Cost and lack of harmonisation slowing green material uptake in beauty, say suppliers

By Kacey Culliney

- Last updated on GMT

Many beauty manufacturers and brands have driven green transformations, but suppliers think cost and lack of harmonisation may be slowing wider uptake of ingredients and raw materials [Getty Images]
Many beauty manufacturers and brands have driven green transformations, but suppliers think cost and lack of harmonisation may be slowing wider uptake of ingredients and raw materials [Getty Images]

Related tags green beauty sustainable beauty suppliers Clariant Evonik Cargill Beauty Oleon Green chemistry

Higher costs and lack of supplier alignment are the core issues slowing uptake of green materials, ingredients and processes amongst beauty and personal care manufacturers and brands, say specialist suppliers.

Green beauty​ had certainly made its mark in recent years. Highlighted as one of CosmeticsDesign-Europe’s top trends to watch in 2021​, plenty of brands had already jumped aboard. But despite a wave of green innovation across packaging, transport, processing, overall carbon footprint and ingredients, widespread uptake of green raw materials and ingredients remained slow in beauty, according to Ecovia Intelligence.

So, why were adoption rates lagging? And how could this be overturned? A panel of senior executives from some of Europe’s leading specialty suppliers discussed this at last month’s Sustainable Cosmetics Summit in Paris, France, organised by Ecovia Intelligence.

Cost, cost, cost

Marie Sanson, marketing manager for consumer care at Swiss specialty chemicals major Clariant, said: “One of the aspects we haven’t mentioned, I think, is cost.”

Using natural ingredients and greener processes, Sanson said, “obviously has a cost”.

And particularly in the current cost-of-living crisis, where consumers had to make more conscious decisions, brands were perhaps focused on keeping final product prices lower. Considering the entire beauty supply chain, though, she said cost was something that could be tackled via “innovation processes”.

Wilfried Petersen, global director of sustainability at German specialty chemicals major Evonik, said innovation was certainly the way forward, noting it would be “a mistake” ​to wait for consumers to create demand.

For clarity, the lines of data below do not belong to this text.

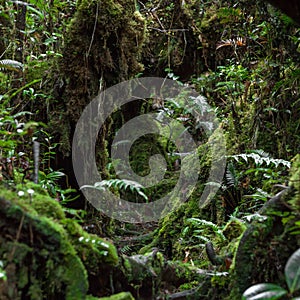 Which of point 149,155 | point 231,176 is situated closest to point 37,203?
point 231,176

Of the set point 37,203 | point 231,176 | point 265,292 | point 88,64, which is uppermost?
point 88,64

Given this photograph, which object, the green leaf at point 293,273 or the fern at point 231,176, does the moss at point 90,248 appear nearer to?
the green leaf at point 293,273

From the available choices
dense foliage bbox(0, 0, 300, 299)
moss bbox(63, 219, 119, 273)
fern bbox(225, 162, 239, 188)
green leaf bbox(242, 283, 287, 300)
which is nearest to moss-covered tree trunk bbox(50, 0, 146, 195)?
dense foliage bbox(0, 0, 300, 299)

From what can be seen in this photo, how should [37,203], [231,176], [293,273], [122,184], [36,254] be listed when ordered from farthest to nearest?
1. [231,176]
2. [122,184]
3. [37,203]
4. [36,254]
5. [293,273]

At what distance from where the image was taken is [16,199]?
6.80 ft

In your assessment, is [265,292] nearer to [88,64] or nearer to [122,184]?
[122,184]

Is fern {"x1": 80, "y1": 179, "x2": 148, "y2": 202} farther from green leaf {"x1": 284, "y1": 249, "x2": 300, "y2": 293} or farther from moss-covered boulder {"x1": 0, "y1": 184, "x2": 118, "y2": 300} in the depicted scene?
green leaf {"x1": 284, "y1": 249, "x2": 300, "y2": 293}

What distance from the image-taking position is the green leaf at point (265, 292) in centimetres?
171

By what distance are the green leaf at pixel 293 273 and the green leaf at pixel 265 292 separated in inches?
2.8

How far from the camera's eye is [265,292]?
173 cm

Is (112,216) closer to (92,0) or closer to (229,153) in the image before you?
(229,153)

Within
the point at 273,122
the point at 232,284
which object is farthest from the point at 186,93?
the point at 232,284

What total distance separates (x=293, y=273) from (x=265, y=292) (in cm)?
15

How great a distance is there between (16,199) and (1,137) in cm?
130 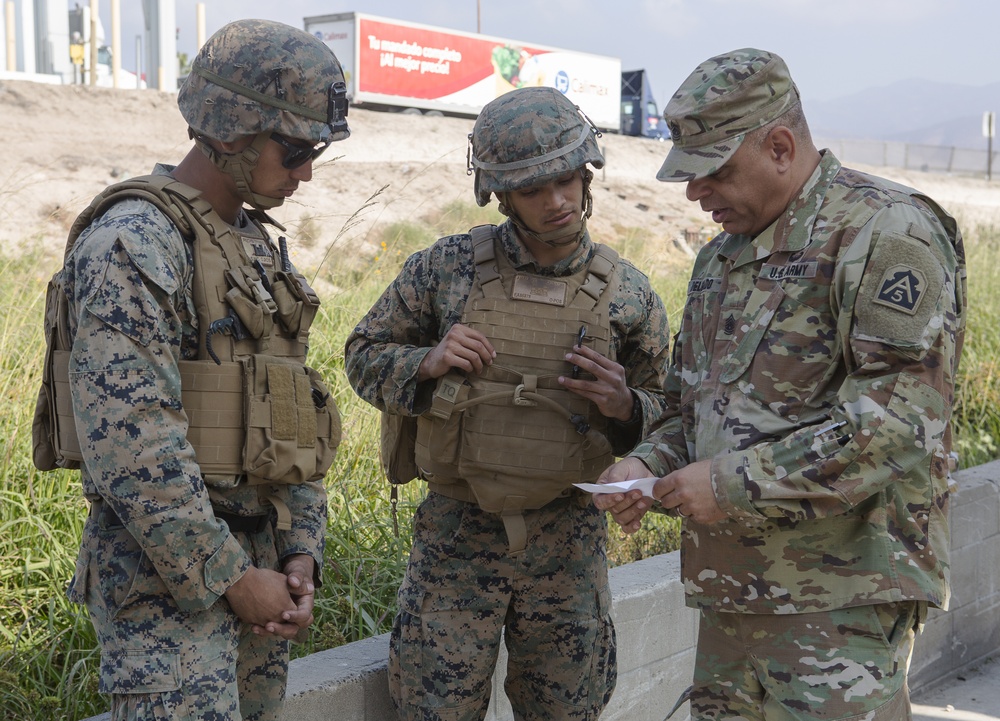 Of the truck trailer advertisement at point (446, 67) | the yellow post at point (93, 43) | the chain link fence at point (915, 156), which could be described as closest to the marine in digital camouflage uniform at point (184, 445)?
the yellow post at point (93, 43)

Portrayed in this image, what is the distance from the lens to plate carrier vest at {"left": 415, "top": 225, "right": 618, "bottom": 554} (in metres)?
2.61

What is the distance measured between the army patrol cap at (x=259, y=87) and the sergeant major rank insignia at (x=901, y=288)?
47.1 inches

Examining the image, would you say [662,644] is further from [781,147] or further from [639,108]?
[639,108]

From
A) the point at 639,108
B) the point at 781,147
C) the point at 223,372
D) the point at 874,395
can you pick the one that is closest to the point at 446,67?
the point at 639,108

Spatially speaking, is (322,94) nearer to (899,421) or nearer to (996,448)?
(899,421)

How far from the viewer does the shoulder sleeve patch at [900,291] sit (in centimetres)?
188

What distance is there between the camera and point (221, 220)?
2127mm

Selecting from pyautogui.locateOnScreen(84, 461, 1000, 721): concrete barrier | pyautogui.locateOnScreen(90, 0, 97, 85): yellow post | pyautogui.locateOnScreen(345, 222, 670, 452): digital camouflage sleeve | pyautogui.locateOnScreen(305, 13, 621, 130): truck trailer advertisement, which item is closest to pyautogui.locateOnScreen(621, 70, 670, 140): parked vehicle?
pyautogui.locateOnScreen(305, 13, 621, 130): truck trailer advertisement

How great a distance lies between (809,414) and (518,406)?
33.2 inches

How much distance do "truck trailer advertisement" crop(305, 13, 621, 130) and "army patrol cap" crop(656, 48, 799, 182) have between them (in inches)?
913

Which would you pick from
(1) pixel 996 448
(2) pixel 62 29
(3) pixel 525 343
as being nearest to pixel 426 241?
(1) pixel 996 448

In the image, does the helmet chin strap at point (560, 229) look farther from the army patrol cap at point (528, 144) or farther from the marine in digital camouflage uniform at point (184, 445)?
the marine in digital camouflage uniform at point (184, 445)

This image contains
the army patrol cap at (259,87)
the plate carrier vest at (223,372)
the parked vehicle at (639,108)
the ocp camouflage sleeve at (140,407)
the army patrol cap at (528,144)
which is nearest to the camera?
the ocp camouflage sleeve at (140,407)

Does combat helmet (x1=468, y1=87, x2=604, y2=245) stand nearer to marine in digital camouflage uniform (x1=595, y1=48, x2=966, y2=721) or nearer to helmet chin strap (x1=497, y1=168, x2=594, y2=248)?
helmet chin strap (x1=497, y1=168, x2=594, y2=248) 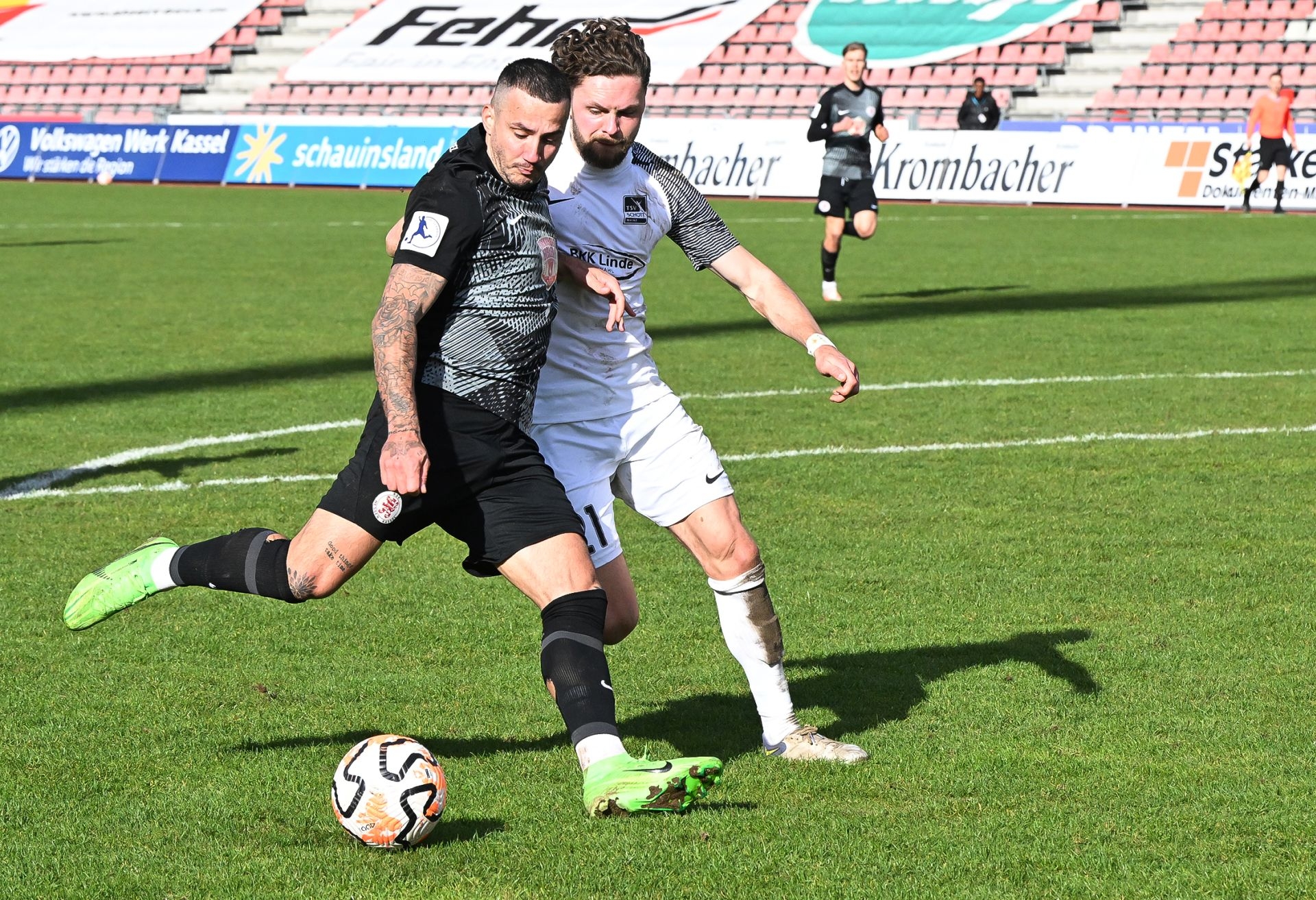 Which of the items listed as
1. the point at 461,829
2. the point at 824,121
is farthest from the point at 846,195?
the point at 461,829

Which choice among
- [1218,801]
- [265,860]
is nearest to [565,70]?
[265,860]

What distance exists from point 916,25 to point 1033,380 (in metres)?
27.9

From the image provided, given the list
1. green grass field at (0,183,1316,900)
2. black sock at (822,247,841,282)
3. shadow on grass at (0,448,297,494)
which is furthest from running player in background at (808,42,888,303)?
shadow on grass at (0,448,297,494)

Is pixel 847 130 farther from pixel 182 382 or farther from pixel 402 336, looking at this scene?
pixel 402 336

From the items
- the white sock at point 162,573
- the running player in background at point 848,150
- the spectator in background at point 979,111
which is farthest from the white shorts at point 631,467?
the spectator in background at point 979,111

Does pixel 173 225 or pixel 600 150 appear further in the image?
pixel 173 225

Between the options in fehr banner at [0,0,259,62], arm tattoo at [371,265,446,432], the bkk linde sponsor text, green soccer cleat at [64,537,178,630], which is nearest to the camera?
arm tattoo at [371,265,446,432]

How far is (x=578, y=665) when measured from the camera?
12.1 feet

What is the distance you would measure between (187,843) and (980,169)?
2496 centimetres

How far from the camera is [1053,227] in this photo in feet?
74.7

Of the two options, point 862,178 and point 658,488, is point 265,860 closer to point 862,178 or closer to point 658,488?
point 658,488

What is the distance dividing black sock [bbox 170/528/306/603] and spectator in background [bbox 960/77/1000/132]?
24.8m

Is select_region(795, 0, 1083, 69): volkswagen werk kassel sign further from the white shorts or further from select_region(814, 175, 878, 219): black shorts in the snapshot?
the white shorts

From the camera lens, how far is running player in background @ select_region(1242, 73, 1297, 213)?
22.9 metres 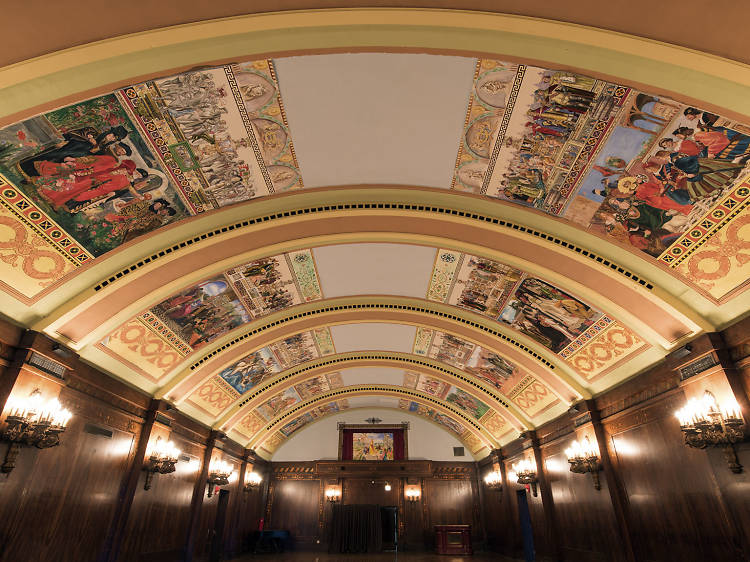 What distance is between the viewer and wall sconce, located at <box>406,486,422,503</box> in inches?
789

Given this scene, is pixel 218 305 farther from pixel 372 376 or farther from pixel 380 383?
pixel 380 383

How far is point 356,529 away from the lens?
19.0 metres

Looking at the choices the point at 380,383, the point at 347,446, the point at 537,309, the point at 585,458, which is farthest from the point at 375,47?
the point at 347,446

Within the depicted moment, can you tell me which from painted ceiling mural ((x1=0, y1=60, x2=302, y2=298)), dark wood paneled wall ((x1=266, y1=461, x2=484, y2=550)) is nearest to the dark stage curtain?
dark wood paneled wall ((x1=266, y1=461, x2=484, y2=550))

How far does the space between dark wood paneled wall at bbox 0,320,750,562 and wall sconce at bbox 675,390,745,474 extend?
5.8 inches

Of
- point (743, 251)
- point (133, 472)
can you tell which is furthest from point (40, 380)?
point (743, 251)

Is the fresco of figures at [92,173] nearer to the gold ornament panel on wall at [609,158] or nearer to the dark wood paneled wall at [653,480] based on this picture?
the gold ornament panel on wall at [609,158]

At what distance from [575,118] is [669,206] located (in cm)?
192

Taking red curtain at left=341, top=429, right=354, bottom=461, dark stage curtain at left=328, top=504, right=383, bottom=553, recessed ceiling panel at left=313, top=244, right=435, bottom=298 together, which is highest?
recessed ceiling panel at left=313, top=244, right=435, bottom=298

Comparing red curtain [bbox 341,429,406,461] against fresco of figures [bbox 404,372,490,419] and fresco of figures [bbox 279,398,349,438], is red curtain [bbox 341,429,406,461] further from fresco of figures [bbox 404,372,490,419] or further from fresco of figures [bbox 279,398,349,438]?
fresco of figures [bbox 404,372,490,419]

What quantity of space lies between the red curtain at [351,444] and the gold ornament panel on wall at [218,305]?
1347cm

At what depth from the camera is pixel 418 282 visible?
10477mm

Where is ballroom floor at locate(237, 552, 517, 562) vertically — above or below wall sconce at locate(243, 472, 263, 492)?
below

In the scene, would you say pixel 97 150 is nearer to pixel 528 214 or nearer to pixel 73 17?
pixel 73 17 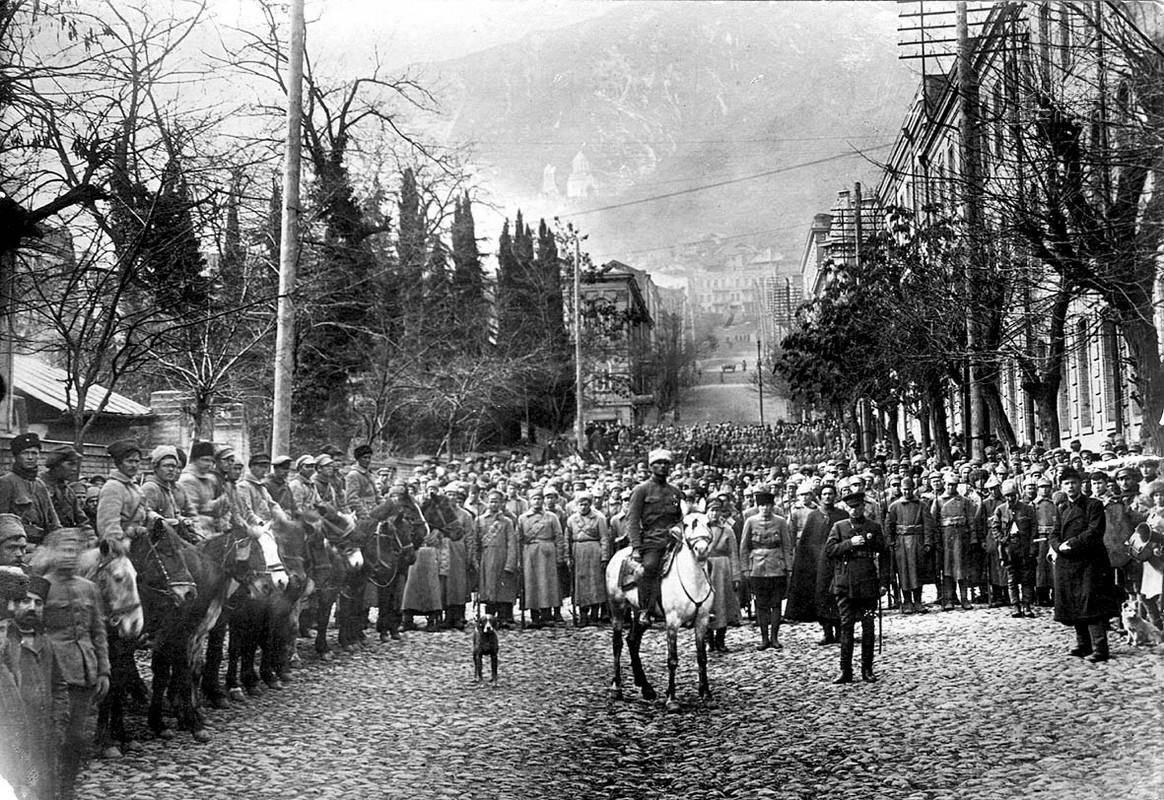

“We have to take action, and do it anyway, and explain to our consumer why things are necessary and why things come at an extra cost,”​ Petersen said.

Communication and formulations

Doing so, he said it would firstly be important industry distinguished between green ingredients and sustainable ingredients, because these were “not always the same​”. It would then be crucial manufacturers and brands communicated clearly to consumers, he said. “Generally, the more complicated it is to explain to consumers the benefits, the less the consumer will be willing to pay a premium on it.”

“…The acceptance of sustainable supply chains and sustainable ingredients is first in the supply chain and then has to move over to the consumer. And the artwork is to make it understandable to consumers,” ​Petersen said.

Frederic Niola, global innovation director at US natural raw materials specialist Cargill Beauty, said it was also about formulators, manufacturers and brands considering the broader cost of overall formulations, beyond just ingredients.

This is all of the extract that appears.